It was inconceivable back in the 1980s for Apple and IBM to come to terms and actually forge a partnership born out of a desire to complement each other’s capability in addressing a single market for personal computers. The competition and rivalry between the two companies almost reached irreconcilable heights in those years.
In these days of the mobile age that calls for strategic alliances, however, things have changed. Apple and IBM have struck a deal to develop and market business applications, as well as to offer the iPhone and iPad line of products to corporate clients, a niche that Apple never tried to address and never imagined to target.
This is a dramatic in Apple’s approach to business as it has always catered to consumers, which account for the major source of its revenue.

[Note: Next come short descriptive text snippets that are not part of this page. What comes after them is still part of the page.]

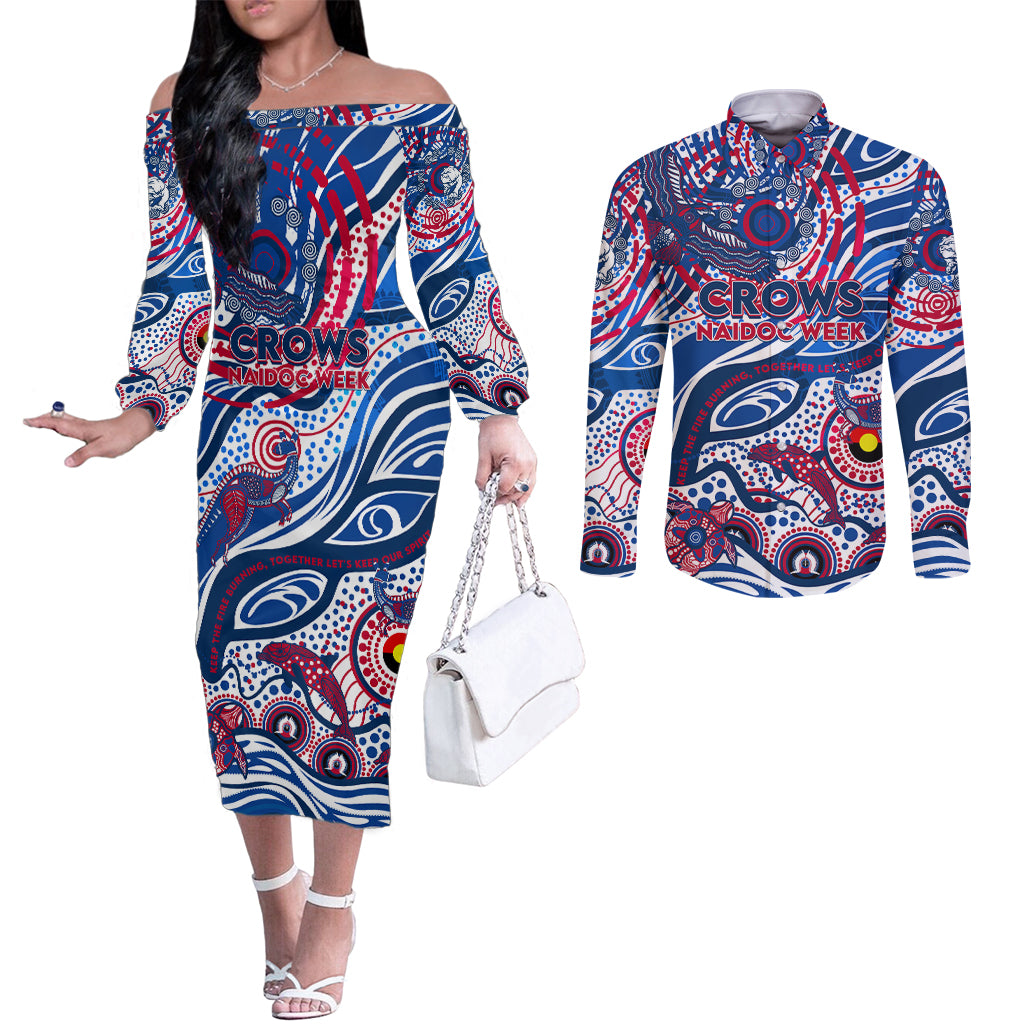 Custom NAIDOC Week 2024 Bulldogs Couples Matching Off The Shoulder Long Sleeve Dress and Long Sleeve Button Shirt Aboriginal Animals Keep The Fire Burning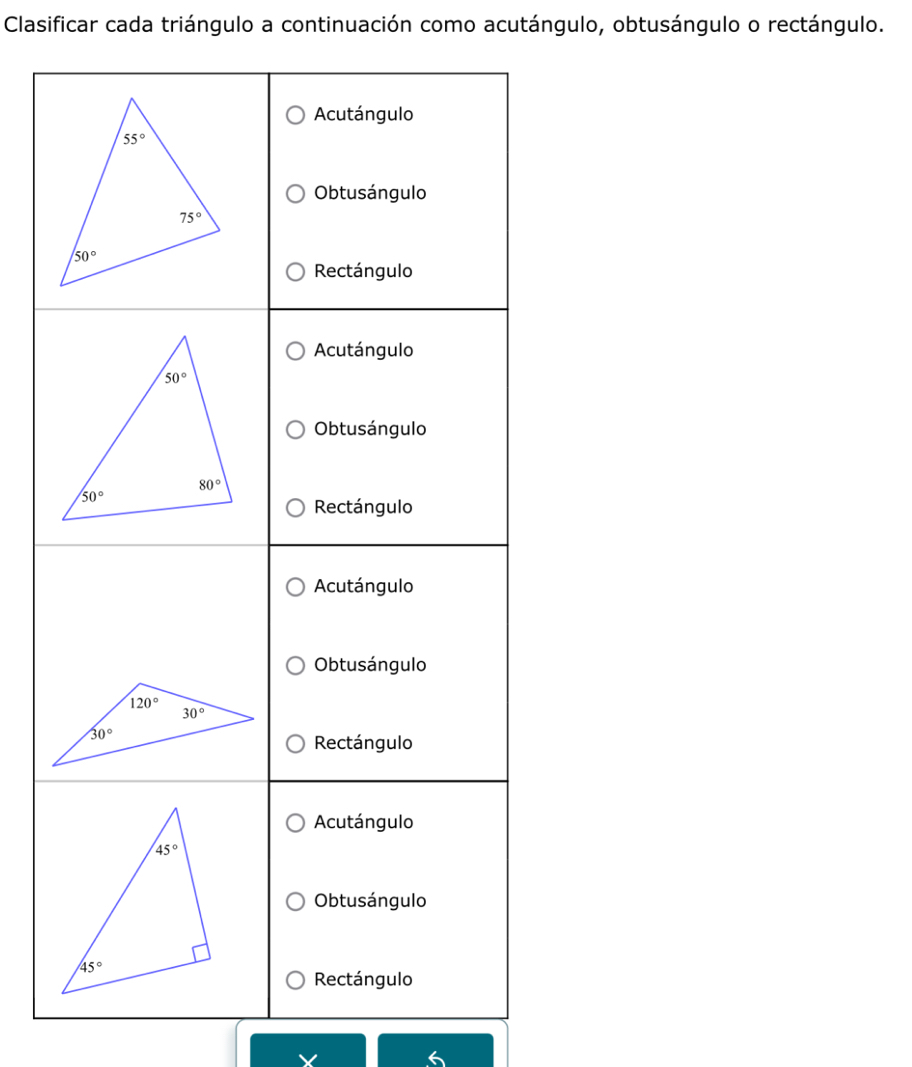 Clasificar cada triángulo a continuación como acutángulo, obtusángulo o rectángulo.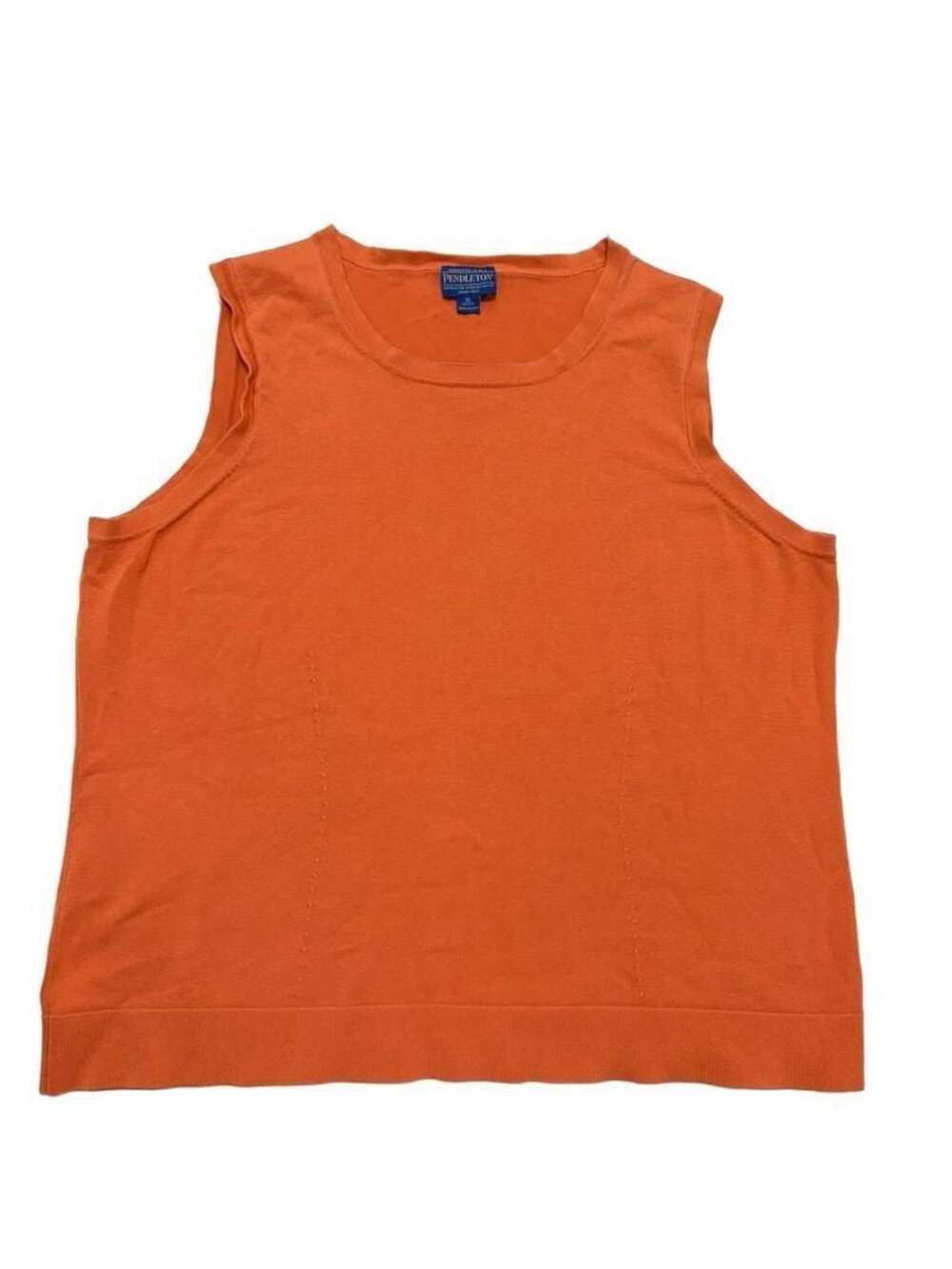 Pendleton Orange Knit Sleeveless Crew Neck Tank Top Petite XL
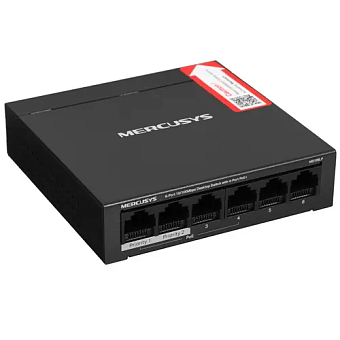 Коммутатор .6 port Mercusys MS106LP 100 Мбит/сек 4*PoE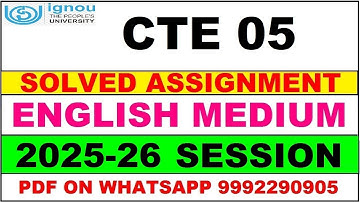 CTE 05 solved assignment 2025-26 in English || cte 05 solved assignment 2026 || cte5 2025-26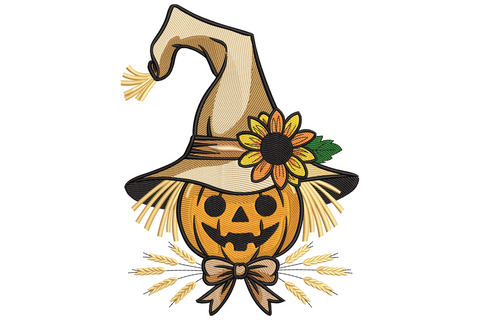 Pumpkin scarecrow embroidery design with witch hat, sunflower brim, straw burst and brown bow in autumn orange and cream.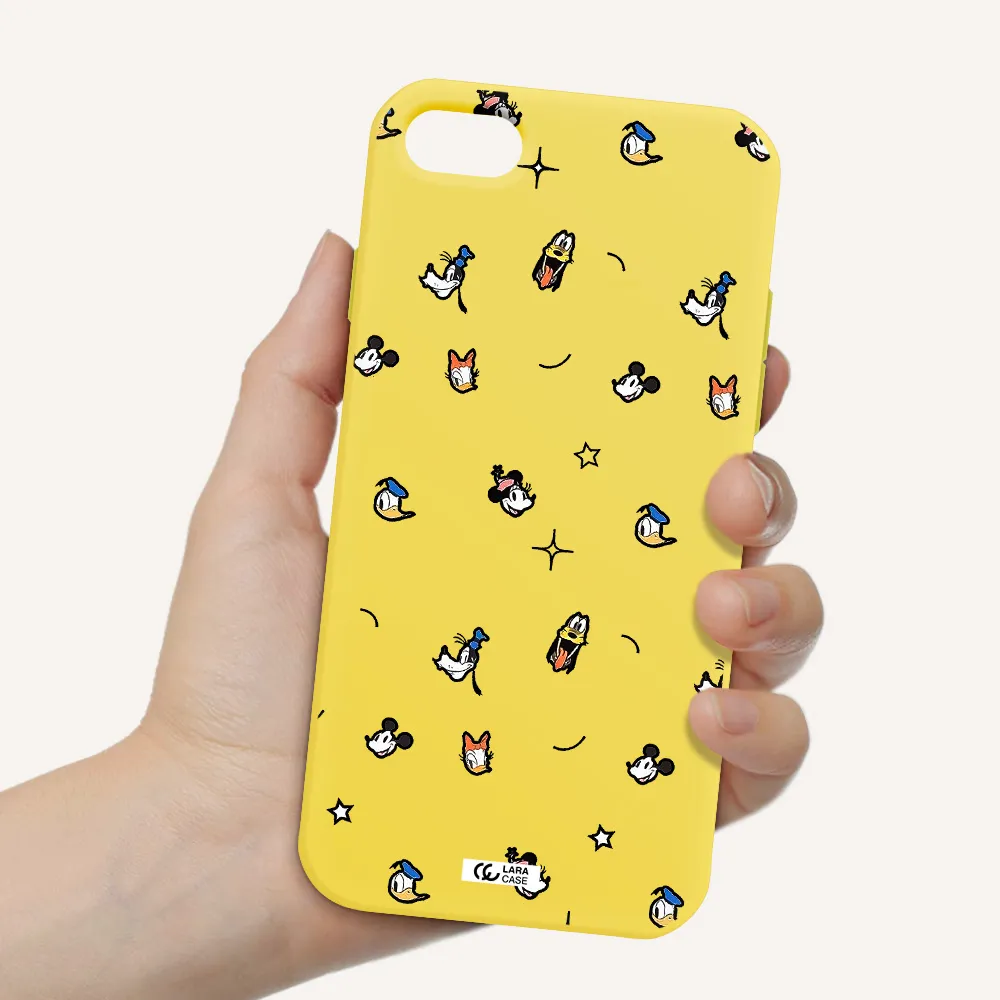 disney face pattern Apple iPhone 8 Silicone canary yellow Case
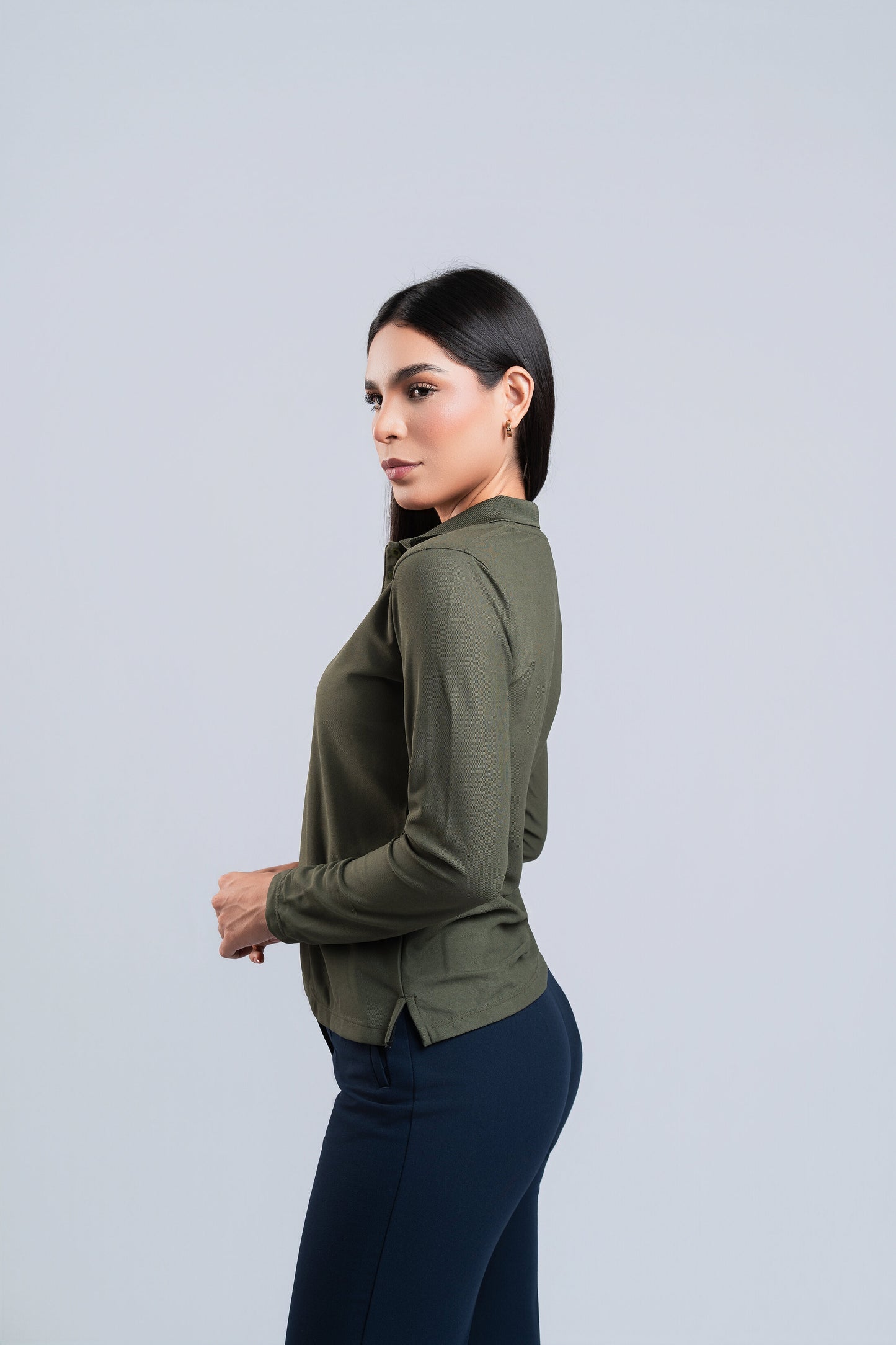 Polo Verde Militar Manga Larga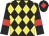 Black and yellow diamonds, black sleeves, red armlets and diamond on black cap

The corporate world, on the other hand, is something that IBM has imprinted an indelible mark as a major provider of services for enterprises. Introducing the iPhones and iPads to the business realm is indeed a great leap from Apple’s tradition.
On the part of IBM, the company expects that Apple’s brand of simplicity would rub off on IBM’s offerings especially when it has been battered by a successive blows from revenue drops for past eight quarters. IBM is also trying to transition its business software for employees to the mobile landscape under the Bring Your Own Device program, a good way to cut costs.
Apple, for its part, hopes to leverage the knowledge and insights of IBM’s experts as it seeks to reach out to the corporate world and develop apps for those customers while not losing its own brand of simple products. Apple plans to incorporate IBM’s security, device management and big-data analytics capabilities into its portfolio.
Apple and IBM engineers are collaborating to develop more than 100 mobile apps for a variety of sectors and industries and the first set of apps will be available in the fall, which is the schedule for the launch of the next iteration of iOS 8.
Even Tim Cook, Apple’s chief executive officer, admitted that IBM and his company have evolved to become two complementary firms. Virginia Rometty, IBM’s chairperson and chief executive officer, also promised that the partnership is only the beginning of great things to come between Apple and IBM in terms of creating applications for enterprise clients.
As part of the partnership, IBM will deliver support and other services involving Apple devices for corporate clients, with over 100,000 employees being set for the effort.